:: DATASET CONTENT

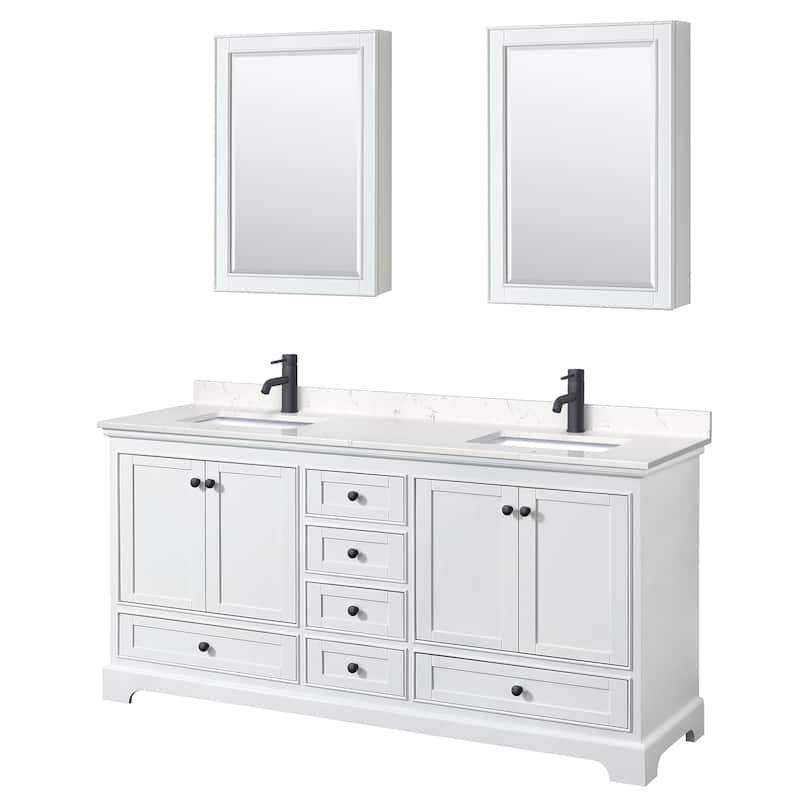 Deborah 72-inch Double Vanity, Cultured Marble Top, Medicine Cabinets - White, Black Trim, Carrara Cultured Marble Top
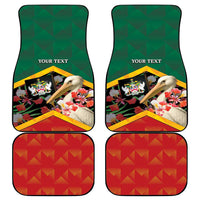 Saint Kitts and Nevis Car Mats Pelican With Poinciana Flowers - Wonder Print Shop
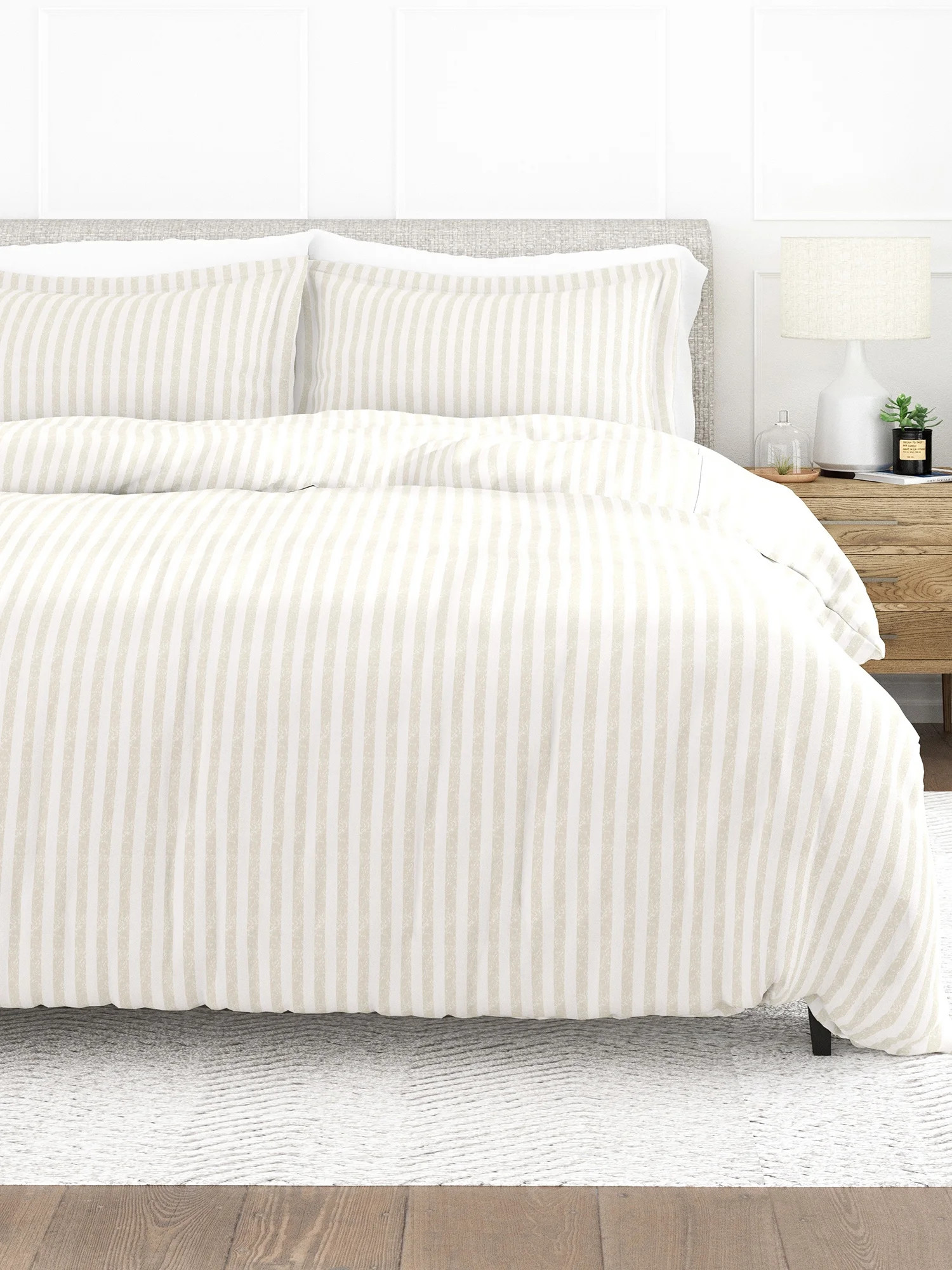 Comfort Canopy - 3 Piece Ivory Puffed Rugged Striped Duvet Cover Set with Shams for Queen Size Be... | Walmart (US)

::::
:: DATASET CONTENT

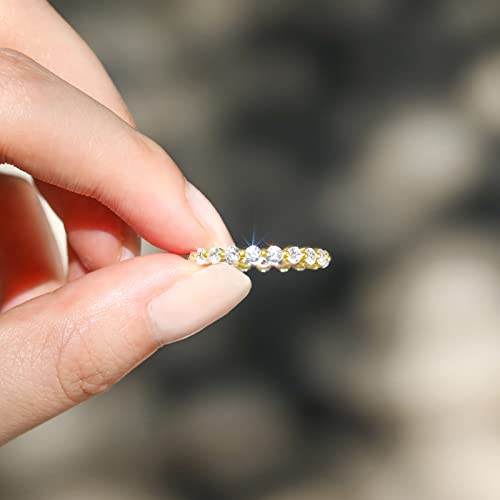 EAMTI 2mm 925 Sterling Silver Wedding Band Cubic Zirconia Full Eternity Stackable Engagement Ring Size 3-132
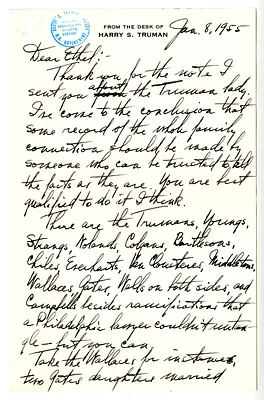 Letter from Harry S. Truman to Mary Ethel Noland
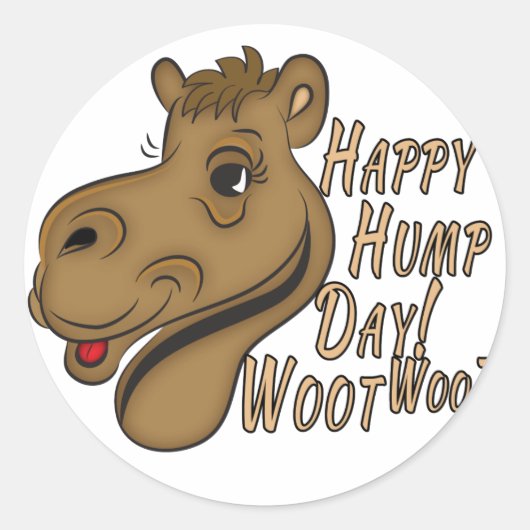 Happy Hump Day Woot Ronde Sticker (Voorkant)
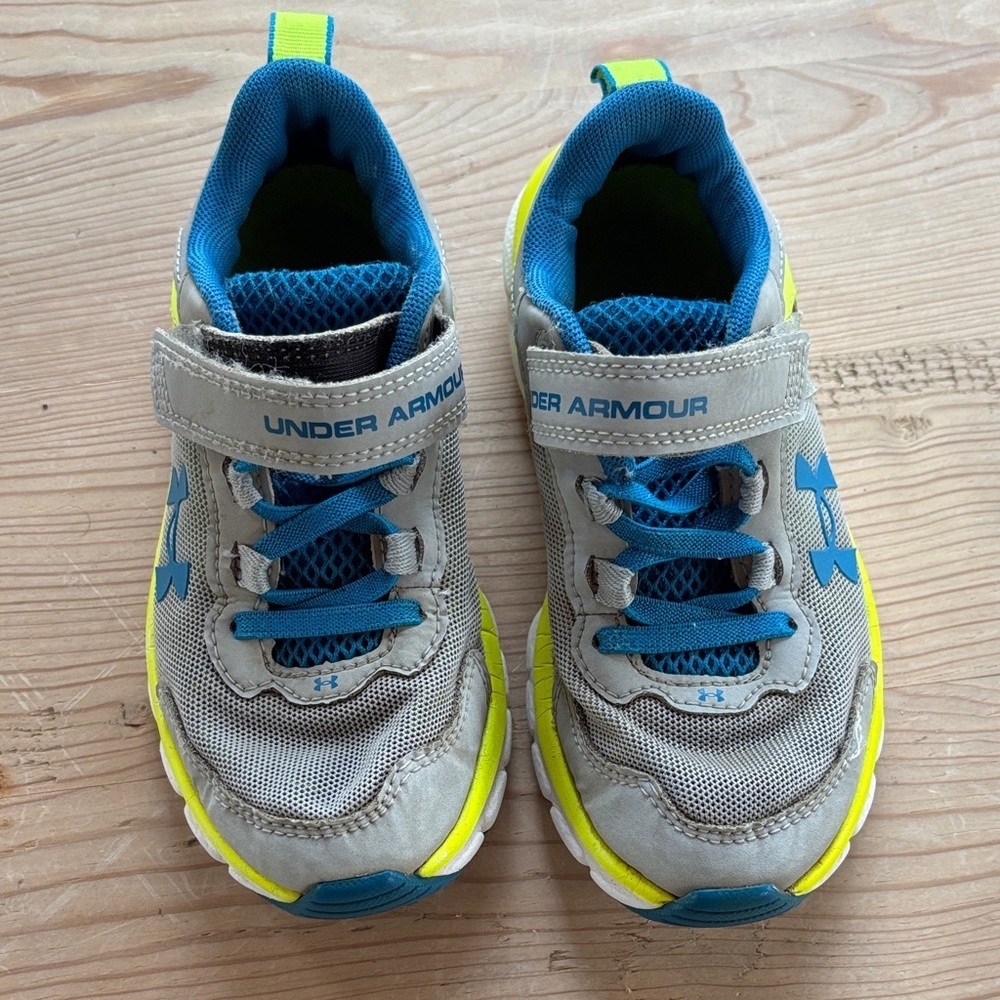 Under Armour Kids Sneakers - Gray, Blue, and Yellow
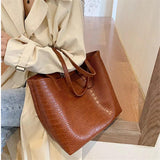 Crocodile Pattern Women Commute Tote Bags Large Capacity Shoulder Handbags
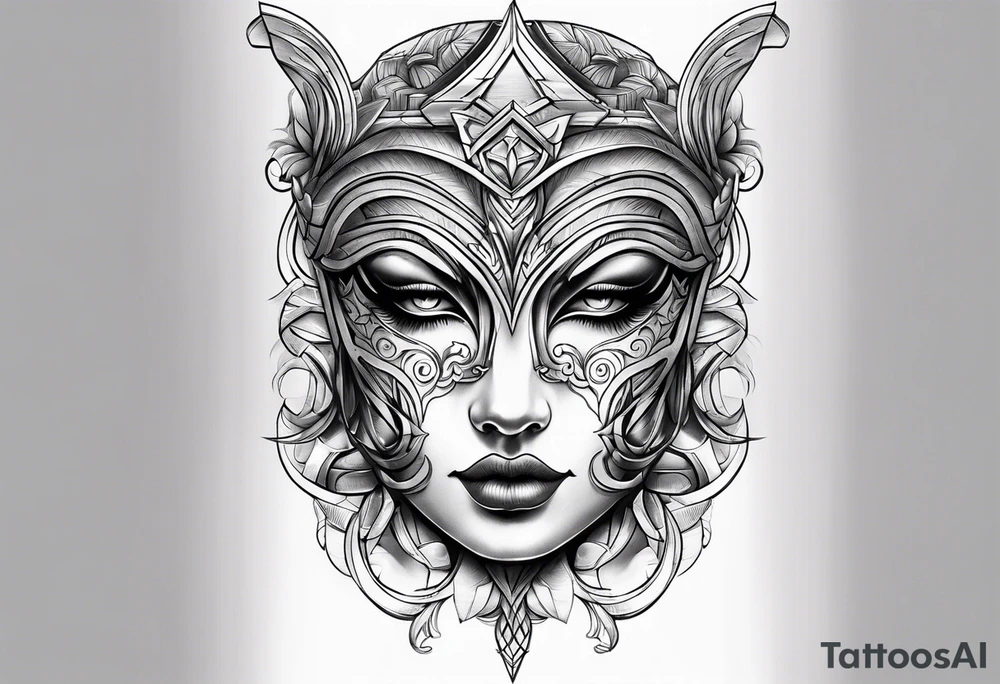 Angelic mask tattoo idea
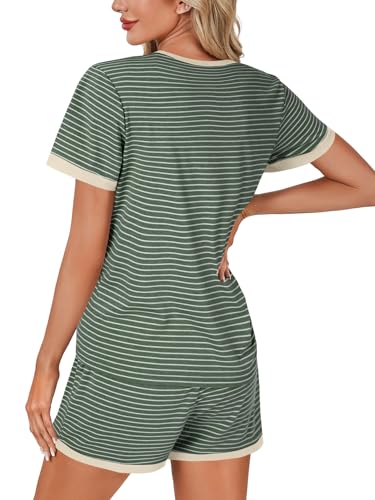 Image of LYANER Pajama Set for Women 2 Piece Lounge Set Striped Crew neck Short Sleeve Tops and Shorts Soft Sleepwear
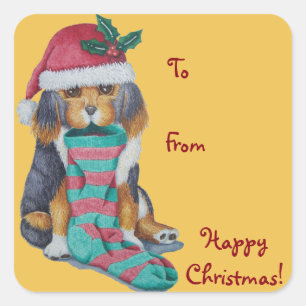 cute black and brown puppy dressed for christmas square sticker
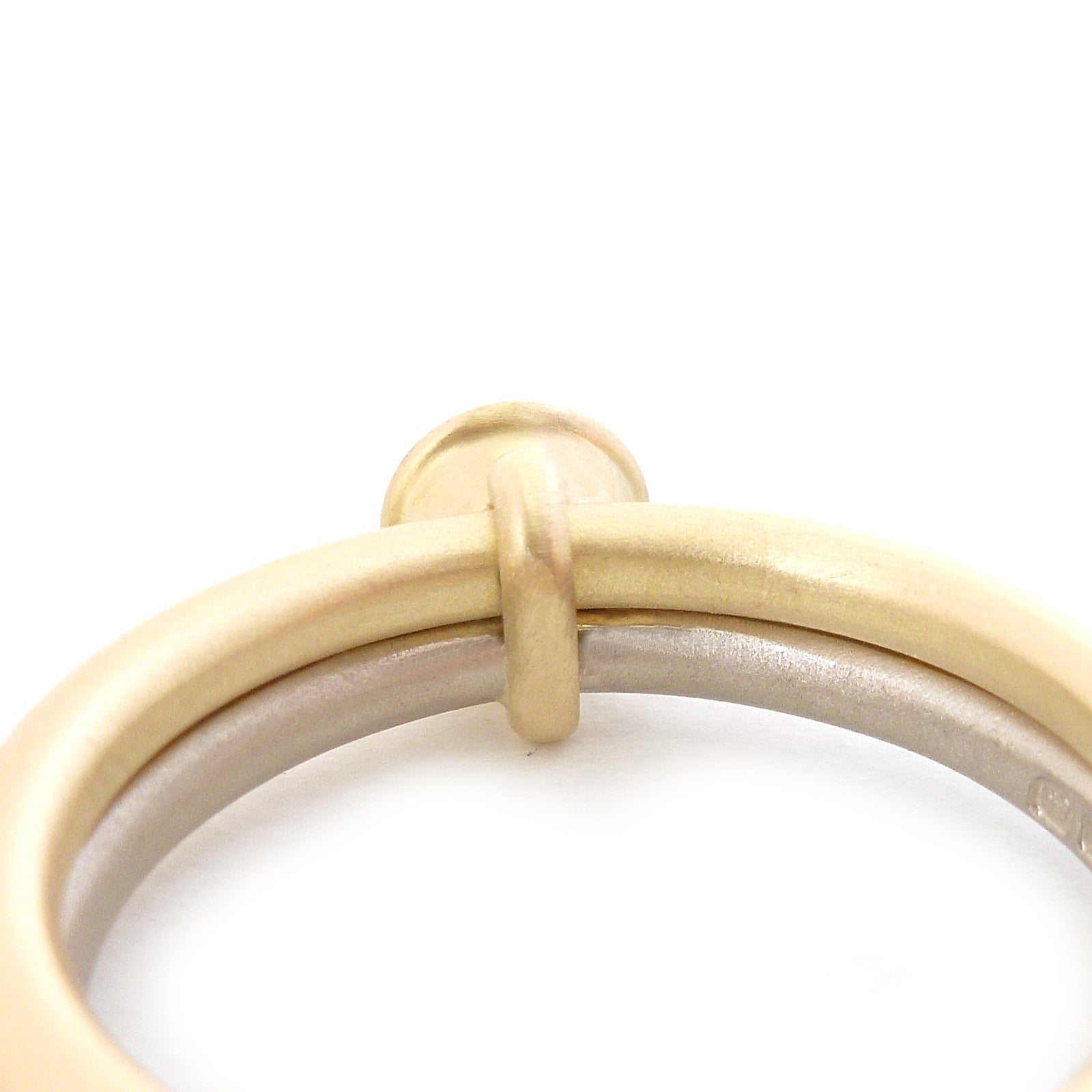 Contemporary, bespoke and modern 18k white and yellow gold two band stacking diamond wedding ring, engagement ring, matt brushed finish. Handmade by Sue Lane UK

::::

WHAT THE EXERCISE ASKS: The lines to reproduce run from the one above containing "Deborah 72-inch Double" through the one containing "Comfort Canopy - 3". Copy them exactly and leave out all pictures.

RESULT FOR THIS EXERCISE:
 Deborah 72-inch Double Vanity, Cultured Marble Top, Medicine Cabinets - White, Black Trim, Carrara Cultured Marble Top
 Saint Kitts and Nevis Car Mats Pelican With Poinciana Flowers - Wonder Print Shop
 Comfort Canopy - 3 Piece Ivory Puffed Rugged Striped Duvet Cover Set with Shams for Queen Size Be... | Walmart (US)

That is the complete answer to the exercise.